* Work required *
Transcribe the data in full and exactly, omitting any pictures.

(Image-caption web data)
+===+

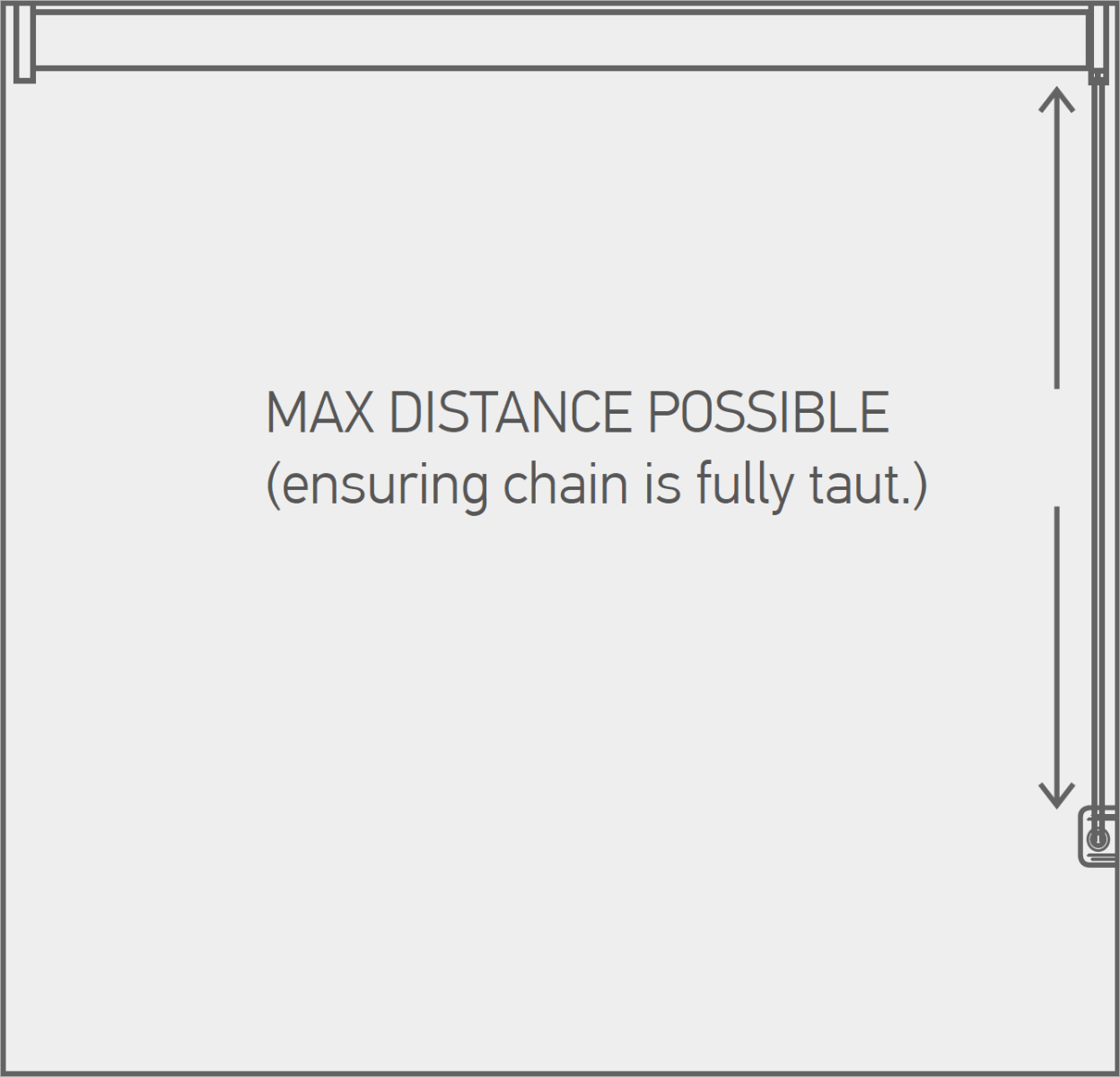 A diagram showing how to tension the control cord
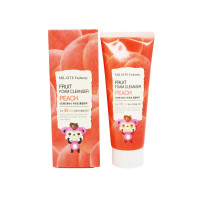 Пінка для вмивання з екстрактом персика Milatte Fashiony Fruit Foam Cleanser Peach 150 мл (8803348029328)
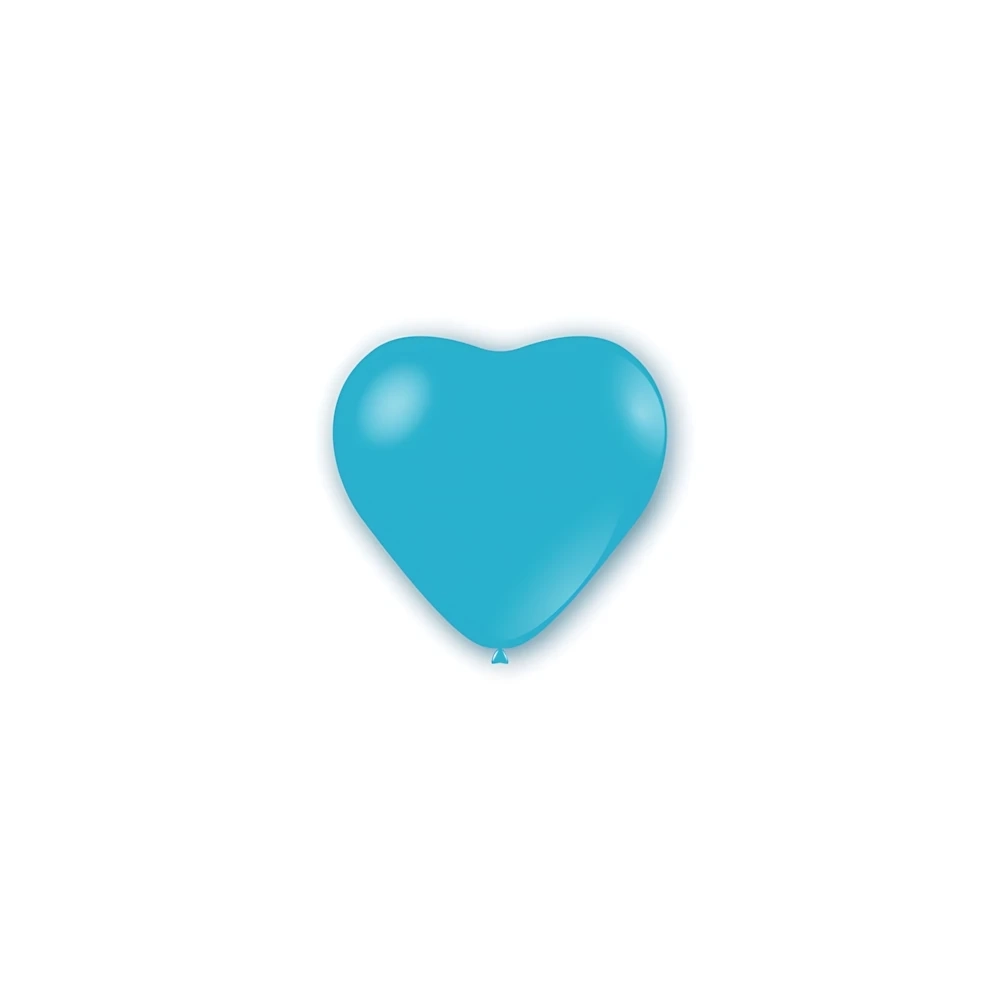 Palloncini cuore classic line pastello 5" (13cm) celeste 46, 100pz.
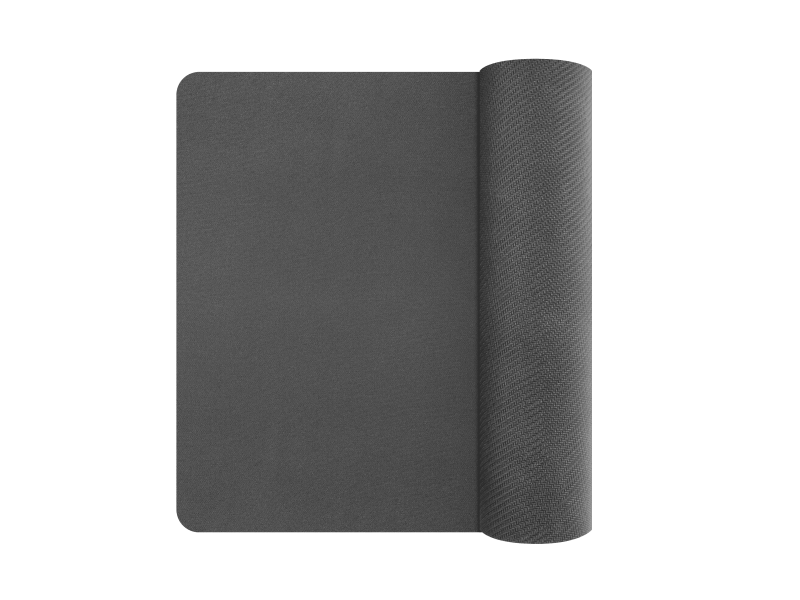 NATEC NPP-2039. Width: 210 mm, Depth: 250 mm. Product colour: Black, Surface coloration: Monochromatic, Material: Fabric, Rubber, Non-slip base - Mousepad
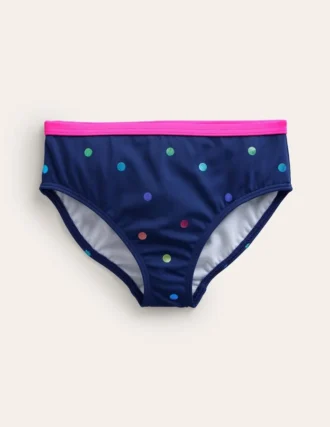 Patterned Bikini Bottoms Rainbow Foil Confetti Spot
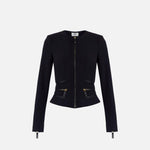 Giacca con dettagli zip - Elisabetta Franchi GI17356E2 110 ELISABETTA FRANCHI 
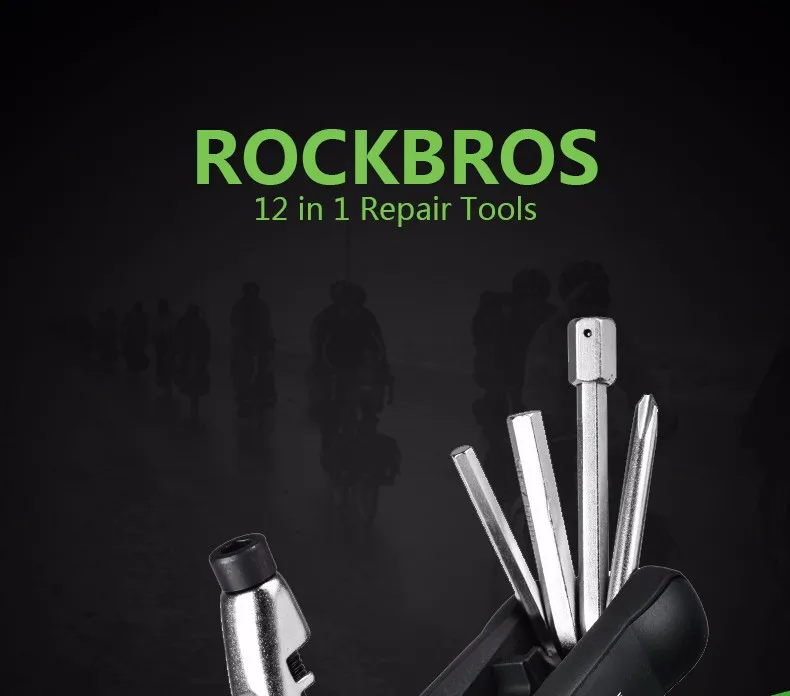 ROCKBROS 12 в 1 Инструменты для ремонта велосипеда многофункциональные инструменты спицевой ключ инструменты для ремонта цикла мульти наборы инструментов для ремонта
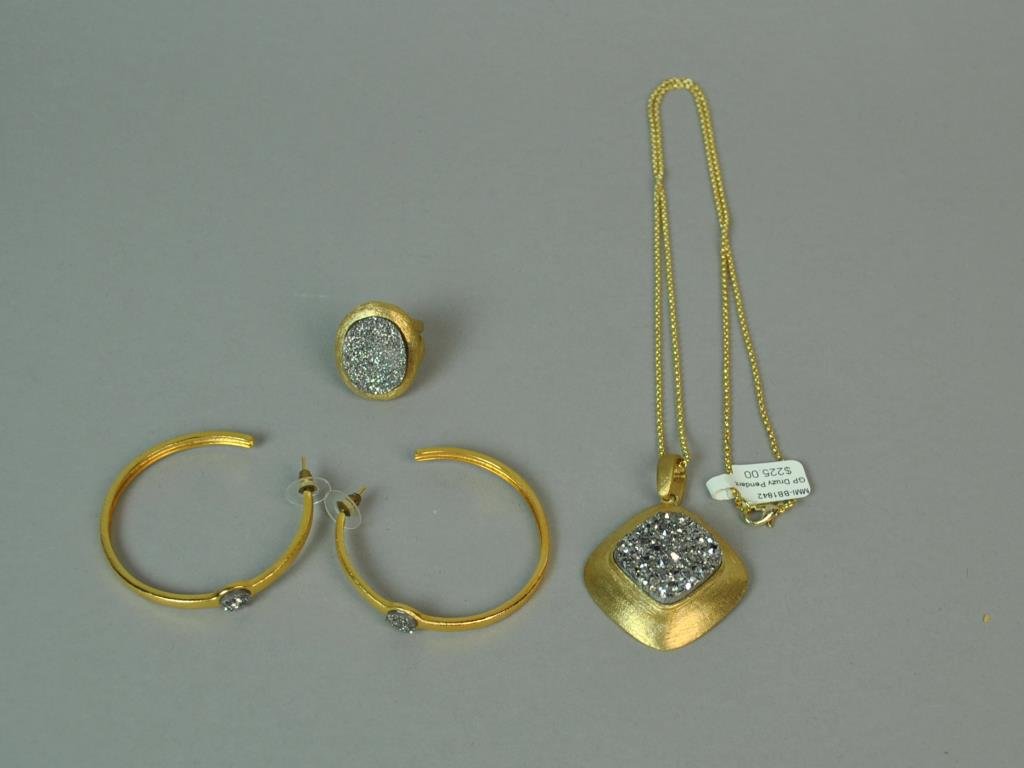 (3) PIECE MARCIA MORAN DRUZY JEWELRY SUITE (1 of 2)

+===+

* Solution to this exercise *
 A diagram showing how to tension the control cord
 Пінка для вмивання з екстрактом персика Milatte Fashiony Fruit Foam Cleanser Peach 150 мл (8803348029328)
 Palloncini cuore classic line pastello 5" (13cm) celeste 46, 100pz.
 NATEC NPP-2039. Width: 210 mm, Depth: 250 mm. Product colour: Black, Surface coloration: Monochromatic, Material: Fabric, Rubber, Non-slip base - Mousepad
 Patterned Bikini Bottoms Rainbow Foil Confetti Spot
 Giacca con dettagli zip - Elisabetta Franchi GI17356E2 110 ELISABETTA FRANCHI 
 ROCKBROS 12 в 1 Инструменты для ремонта велосипеда многофункциональные инструменты спицевой ключ инструменты для ремонта цикла мульти наборы инструментов для ремонта
 (3) PIECE MARCIA MORAN DRUZY JEWELRY SUITE (1 of 2)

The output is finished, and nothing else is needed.